Moreover, consider this scenario. There’s a comely brunette at the table in front of me. Let’s say I decide I have a right to her, and thus, when she leaves the coffeehouse, I follow her, abduct her, and hold her captive, fighting the police when they come to rescue her. Do I have a right to her? Obviously not.

Absolutely. Just as I think access to education can help prevent crime and move society in a positive direction , affordable health care that is financially accessible to everyone is IMO better for society as a whole. I think how those safety nets are structured also has a lot to do with shaping society and it’s attitudes.

Personally I think everyone should pay something in the form of a tax that comes out of your wages similar to what we do now only aimed directly at health care.

That said, that doesn’t make it a right. In the concept of free speech a poor person’s opinion has just as much weight just as their vote counts as much as a rich persons.
Fees for services isn’t the same. Still, in the Constitution we see

domestic tranquility? Promote the general welfare? even secure the blessings of liberty, all seem compatible with establishing some form of UHC.

I’m not sure I agree. I think there are rights that we can assert and no one can completely deny. The difference is the consequences of asserting and exercising those rights vary from nation to nation.

Or by that standard, to any rights whatsoever. Nor do they even matter; if you can do something regardless of opposition, what need do you have of a right to do so?

Redefining “rights” as “power” seems to be the opposite of the entire concept of “rights” to me. Rights are all about what you don’t necessarily have the power to just do regardless of the opposition of others.

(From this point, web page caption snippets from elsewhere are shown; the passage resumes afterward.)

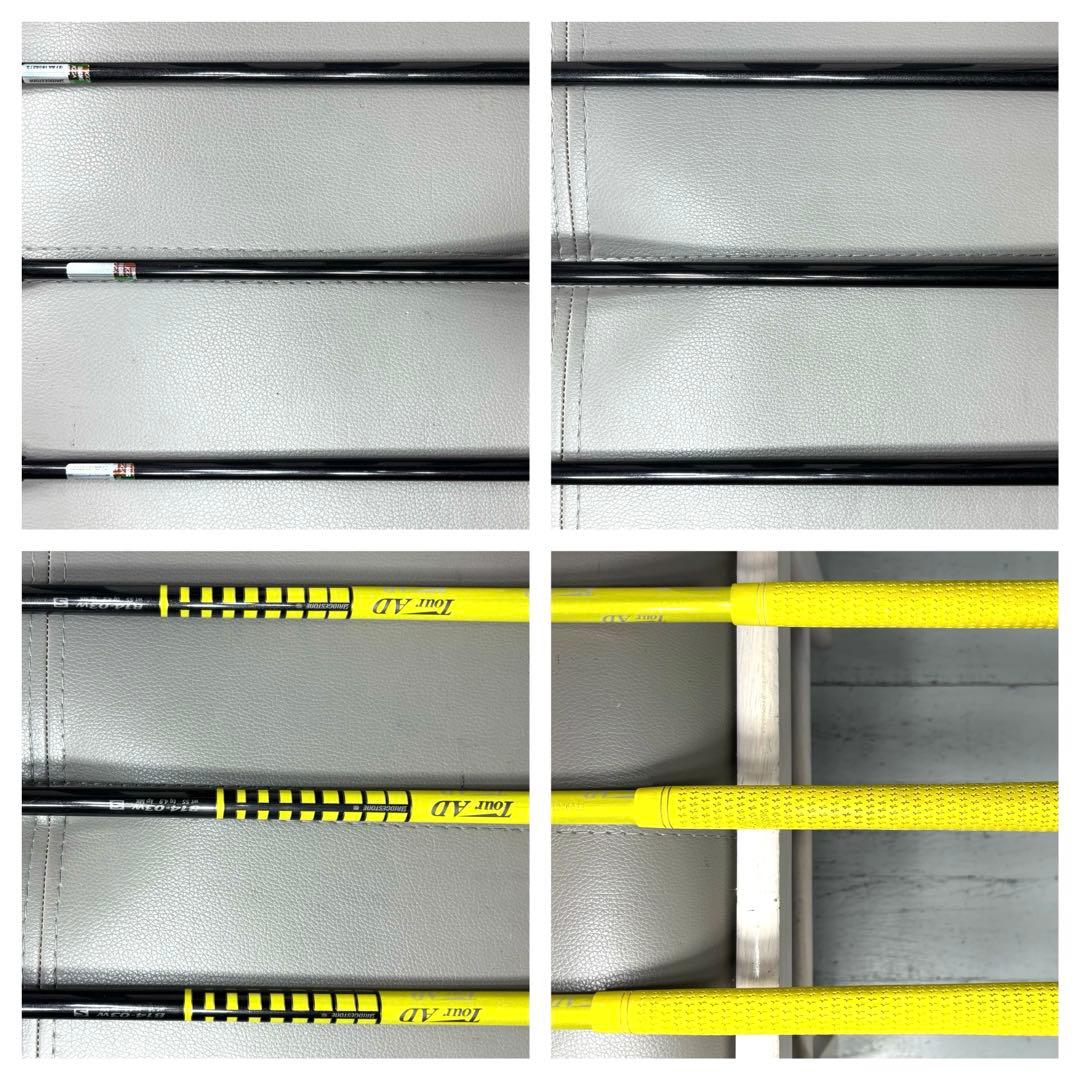 本格派 メンズゴルフクラブ 13本 フルセット ゴルフセット 豪華 お試しセット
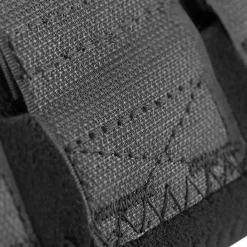 horze Guetres De Protection Prosoft, Anterieurs Noir Discount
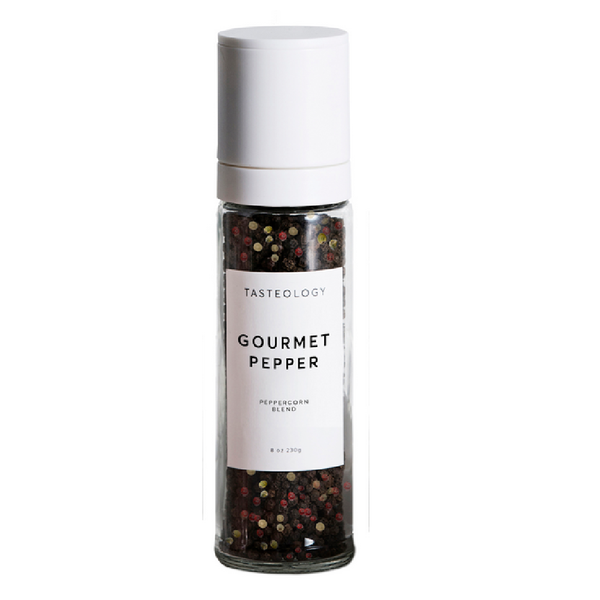 Tasteology Gourmet Pepper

What’s the difference practically, though, between a right you have that’s violated, and a right that you don’t have? It seems to me if you say, “people have the right to X”, you’re making a moral claim. If you say, for instance, “People have the right not to be slaves”, what you’re saying is, “It’s morally wrong to take someone as a slave.” If you say, “People have a right to health care”, you’re saying, “It’s morally wrong to deny someone who needs it health care”. But that only has practical effect if there’s a moral consensus or if you’re able to impose your moral views on the people who disagree. Slavery was abolished in this country not because it violated people’s rights, but because the North won the Civil War and was able to force slaveholders (who didn’t believe that slavery violated people’s rights) to emancipate their slaves.